Tip 77 (September 2011) To CF or Not to CF (cathode follower), that was the question – building a 12B4 zero-gain DAC out to line input buffer stage – J. Noble
Intro by Dick Olsher: Jon Noble returns to these pages with a DIY project that should be of great interest to anyone desperately seeking a fab sounding tube buffer stage. The 12B4 buffer described herein should serve to improve the current drive of not only DAC’s but also highish output impedance phono stages into a typical volume control. While CF’s are typically seen AFTER a volume control, this project provides strong evidence that in some cases a tube buffer can do much good AHEAD of a volume control. CAUTION: DO NOT attempt to build this circuit unless you are an experienced tube circuit builder. Tube circuits, and in particular, HV power supplies, present a risk of serious and even deadly electrical shock. If in doubt, solicit the help of an experienced electronics technician. The author assumes no responsibility for the performance of this circuit.
It may not be correct, but I like to think of this thing as amplifying in reverse – a cathode follower (CF) I mean. I say this because the load is placed in the tail (at the cathode) instead of at the head (or anode) as is the case with a regular gain stage. A CF mostly pulls current to ground and modulates that current in accordance with a signal that comes in on the grid, to put out a more robust (i.e. more current) version of what came in. A CF has some attractive attributes: high input impedance, extremely good headroom at the input, low output impedance, wide bandwidth and very low distortion – thanks largely to 100% localised feedback. The question of whether to use a CF or not to use a CF arose in the context of my Flamingo phono stage mk2, which is almost complete (watch this space). Having seen and liked my circuit, Dick Olsher (DO) asked me if I would build one for him. I was delighted to so but, as it turned out, his needs were a little different than my own.
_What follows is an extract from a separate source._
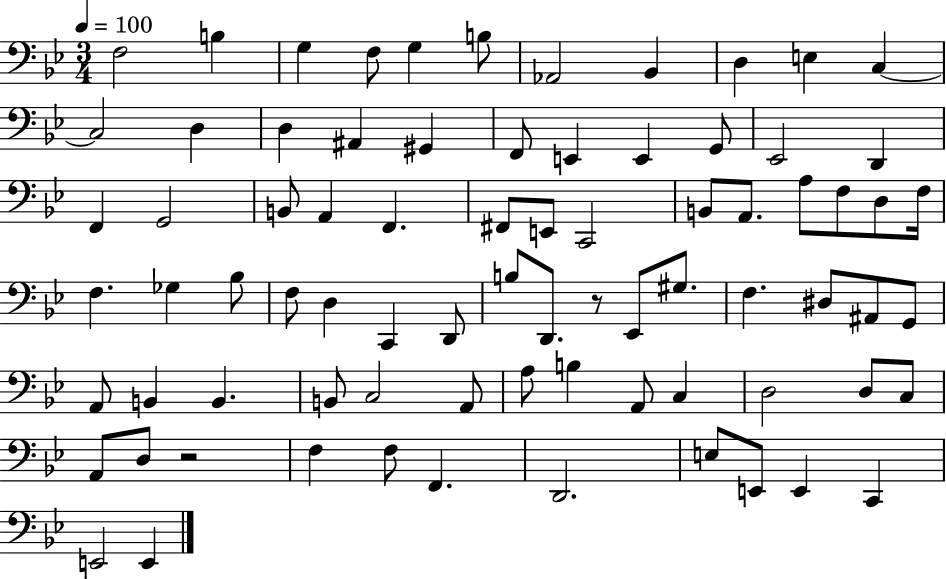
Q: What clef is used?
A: bass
My original plan was to aim for a Zout in the region of 1 to 2K because as much can easily be had from a high current triode gain stage (6H30, 5687 and such like). DO, however, wanted a proper low Zout, in the order of 300 ohms or so, to allow for an effective drive of a wide range of power amplifiers, both solid state and tube alike – he is, after all, an audio reviewer who gets to experiment with a lot of cool gear. A Zout of such value clearly required the use of either a step down transformer or a ‘plane Jane’ CF. I knew I was dead against the use of a CF! Why? Because just about everybody in the DIY community seems to think that CF’s are bad, evil, feedback saturated, fidelity destroying stages. One well-regarded phono designer (Alan Wright) is on record for having called the CF ‘Miss Piggy’, because apparently, she is fat and slow. Well I don’t like slow, and I don’t like fat, and like many others, I had been bad mouthing CF’s around town. Of course I never actually built one, or even tried one in the context of my system! That’s the problem with prejudice – it catches like wild fire, and before long establishes itself as a self-fulfilling prophecy. Email chat with Dick, however, changed all of that and thanks to his confident statement – “I LOVE CF’s, the concept of this stage is both elegant and beautiful” – I was convinced to the give the ol’ CF a try. Boy am I glad I did!
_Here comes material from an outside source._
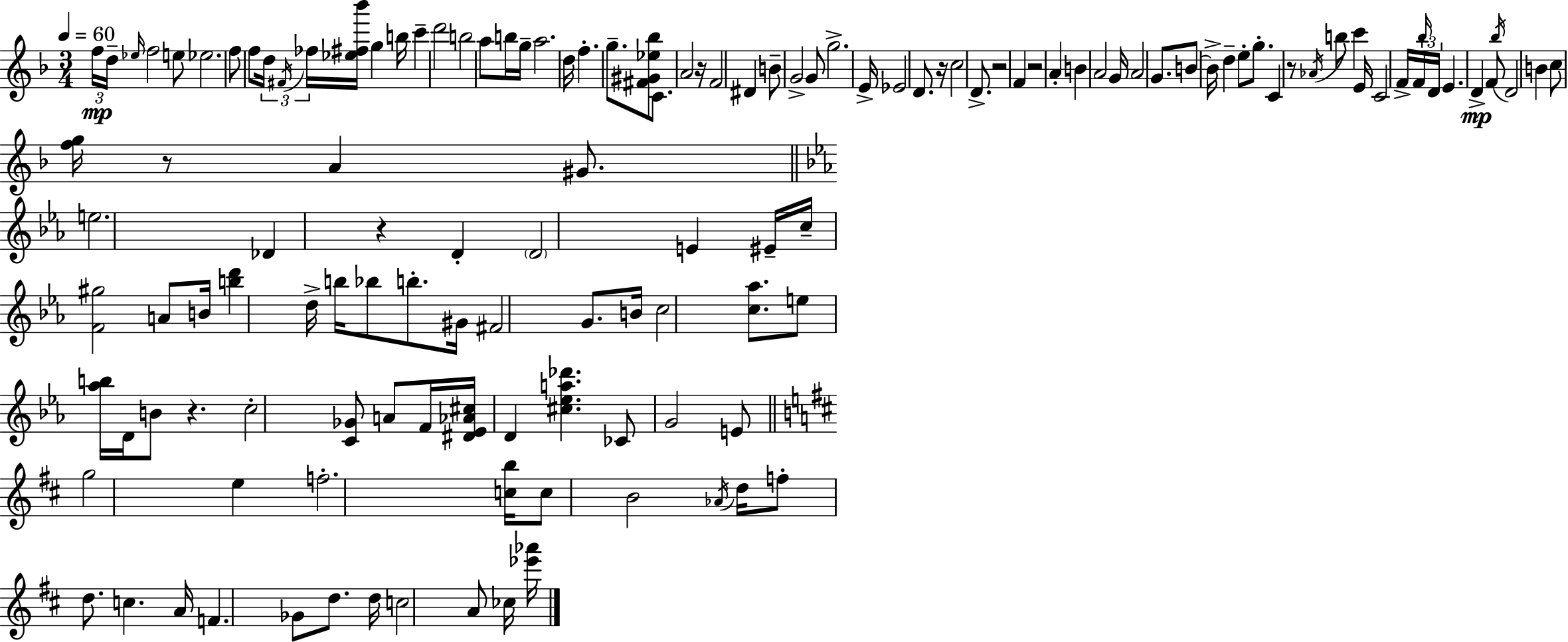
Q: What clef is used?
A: treble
The circuit presented here is a 12B4 triode CF that I recently developed as a buffer stage for my newly acquired Neko Audio D100 mk2 DAC (see figure 1). The D100 DAC is unusual in that it uses a step-up transformer at the output stage – yea that’s right no ‘ringing’ brick wall filters, no op amps, no analogue solid state nothing, no triodes forced into small DAC sized boxes with iffy power supplies and interference from neighbouring digi circuits and compromised coupling caps. Instead, what makes the D100 unique and truly great is the use of top digi tech from Burr Brown and Wolfson fed direct into a pro quality Jensen step up transformer – pure, honest, direct, beautiful. DO had alerted my attention to the D100 and had given his strongest personal recommendation regarding this DAC. Upon reading about this product at the Neko Audio web site I KNEW I WANTED one. The way I see, if a step-up transformer works for my prised moving coil’s in my analogue rig, then why not for top digi chips as the output stage of a DAC!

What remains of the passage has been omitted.